A renegade Electoral College vote intended for Sen. Bernie Sanders failed to make it to the ballot box Monday after a Maine elector’s vote was deemed invalid.
Maine elector David Bright had announced plans to vote for Sanders (I-Vt.) instead of Democratic nominee Hillary Clinton, the winner of his state’s popular vote. Bright cast his first ballot for Sanders, but changed it to Clinton after his “faithless elector” vote was rejected.
“I had taken an oath to uphold the laws of the state of Maine,” Bright, a farmer from Dixmont, said at the state capitol building in Augusta. “If I thought my vote could have helped Secretary Clinton to win the presidency, I would have voted for her on the first round.”
I can’t do anything to change the results of the election this year. But perhaps by encouraging these idealistic voters to stick around, I can change the results of elections to come.” David Bright, Maine Electoral Voter
Facing the unlikelihood that 38 Republican electors across the U.S. would defect from their party and cast ballots to give Clinton the electoral majority needed to win, Bright said he was left to find “a positive statement I could make with my vote.”
“I am not a Clinton elector, I am a Democratic elector. I do not represent Democrats from all over the country, I represent Democrats in Maine,” Bright said. Sanders trounced Clinton in Maine’s primary caucus, with nearly twice as many votes.
Bright, who supported Sanders in the primary, said his “faithless elector” vote was not out of disrespect for Clinton. Rather, it was intended to acknowledge the “thousands” of Maine voters ― many of them voting for the first time ― who cast ballots for Sanders.
After explaining his changed vote, Bright delivered a prepared statement underscoring the importance of encouraging young voters.

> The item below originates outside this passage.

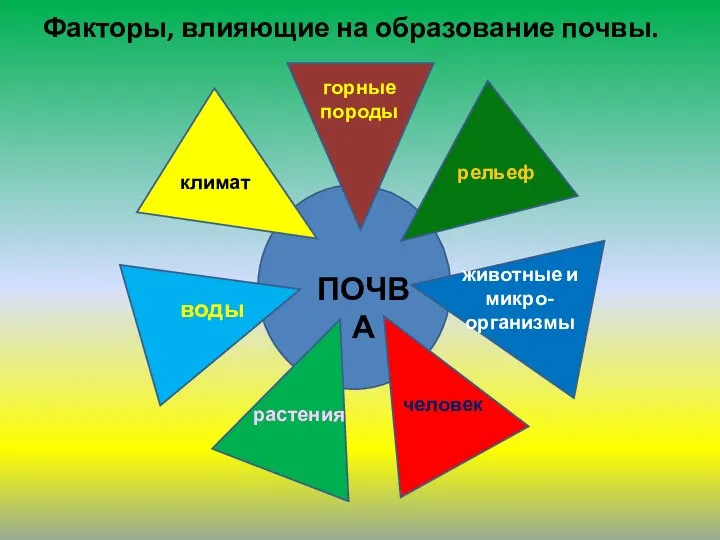 Факторы, влияющие на образование почвы.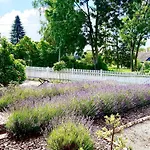 Maison Victors Farmhaus - Gutshaus Mit 2 Und Exklusives Privathaus - Einzel- Oder Gesamtbuchung 펜션 *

Trump was declared the winner of November’s general election, even though he lost the popular vote by nearly 2.9 million to Clinton because of his state-by-state tally in Electoral College votes. The official Electoral College vote on Monday is likely to make that victory official.
Trump’s loss in the popular vote emboldened his opponents to encourage state electors to go “faithless” and deny him victory by switching their pledged votes to Clinton, or even to another Republican, like Ohio Gov. John Kasich.
Maine is one of 30 states that has laws binding electors to their state’s popular vote. The law, however, is unenforceable and carries no penalty. In at least the past century, no electoral voter from Maine has ever acted as a faithless elector.
“I can’t do anything to change the results of the election this year,” Bright said. “But perhaps by encouraging these idealistic voters to stick around, I can change the results of elections to come.”